1
votes

I have a csv where all fields are enclosed by "". There are occasionally badly formatted lines of the form

Field1,Field2,Field3,Field4"

with a variable number of fields. I need to delete these specific lines, avoiding all lines of the form

"Field1","Field2","Field3","Field4"

4
this should match the single hanging quote at the end /^[^"]*"$/ - karakfa
Thanks. I literally just found it as well. If you post the answer I'll accept yours. - mas
No need, you can accept your own answer. However, think whether a single " is acceptable on a record. You may want to change + to *... - karakfa

4 Answers

2
votes

You can just look for the following regex to match your line

^[^"]*"$

Demo

This will look and match all the characters and match the " at the end of the line also.

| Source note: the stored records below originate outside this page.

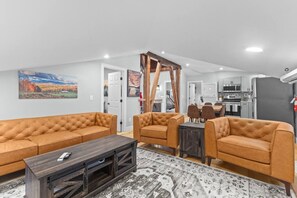 Interior - Unique Top-Floor Apt in BTV (Burlington)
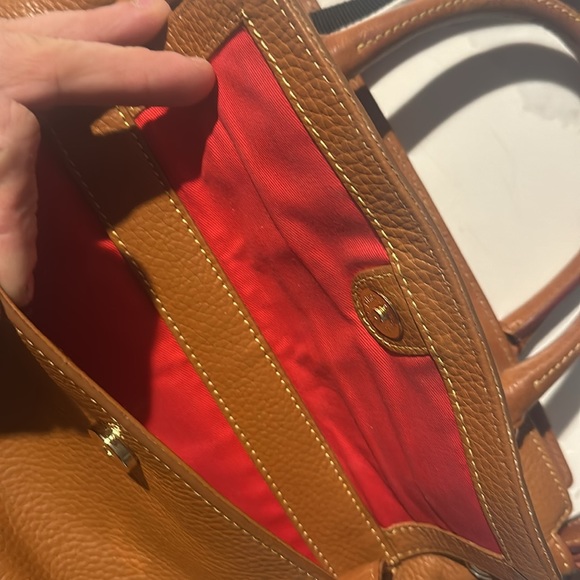 Dooney & Bourke Brown Pebble Leather Handbag & Crossbody w/ wallet & accessories - Picture 2 of 7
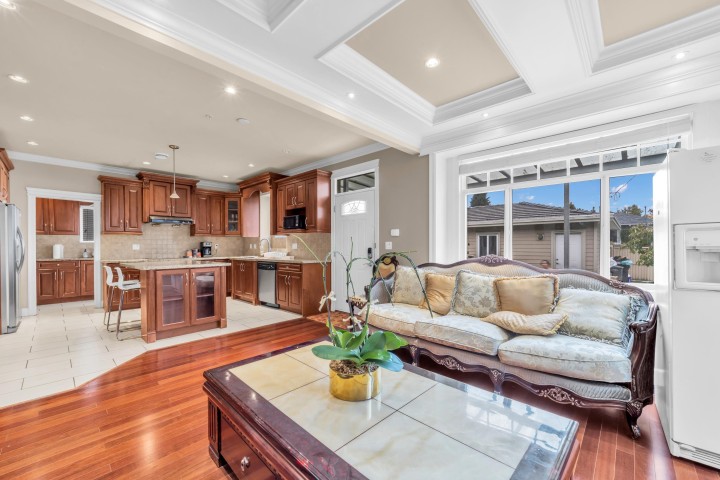 Photo 6 at 725 W 61st Avenue, Marpole, Vancouver West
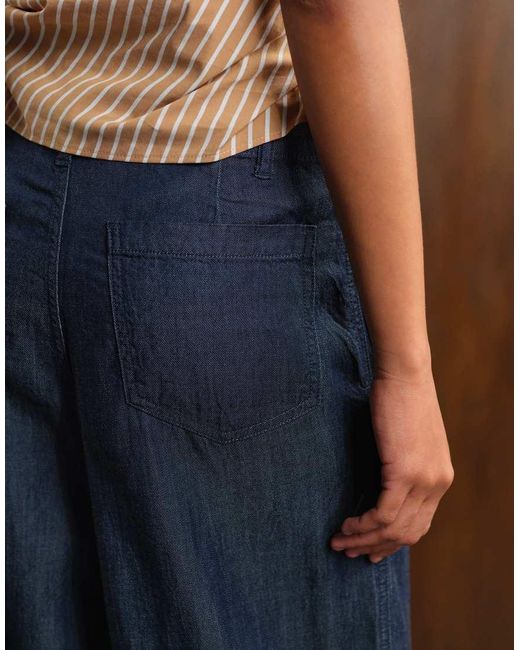 Pantalones Azules Con Pinzas Delanteras De Tejido Efecto Denim De (Parte De Un Conjunto) Mango de color Brown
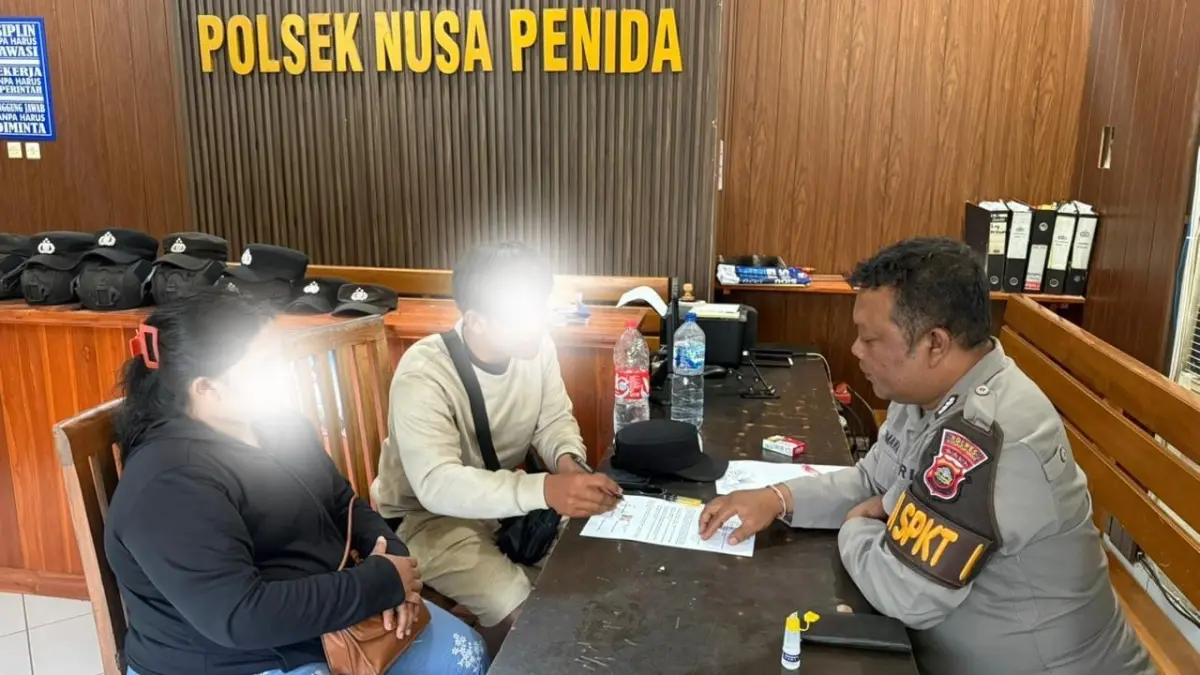 Pihak kepolisian Polsek Nusa Penida saat memediasi sepasang kekasih. (Ist)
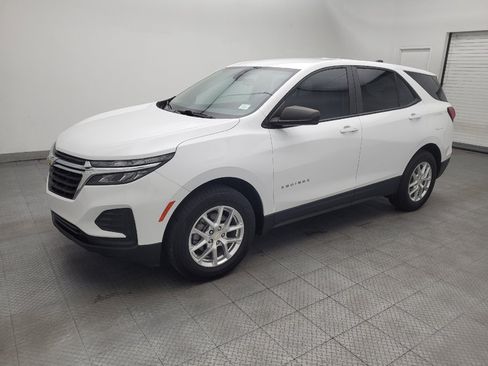 Used 2022 Chevrolet Equinox LS AWD/4WD image 2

If the first " is not at the end of the line, the line will not be matched.

1
votes

If the field content do not contain escaped quotes, you can test the
line for quote evenness.

If this matches, then delete the line:

^(?![^"]*(?:"[^"]*"[^"]*)*$).+$

This can be adapted to account for escaped quotes as well.
Requires a bit more complex regex.

1
votes

This might work for you (GNU sed):

 sed '/^\([^"]*\("[^"]*"\)*\)*$/!d' file

Delete the line unless it contains zero or more pairs of double quotes.

0
votes

Found the answer.

Using extended regex:

'/^[^"]+"$/'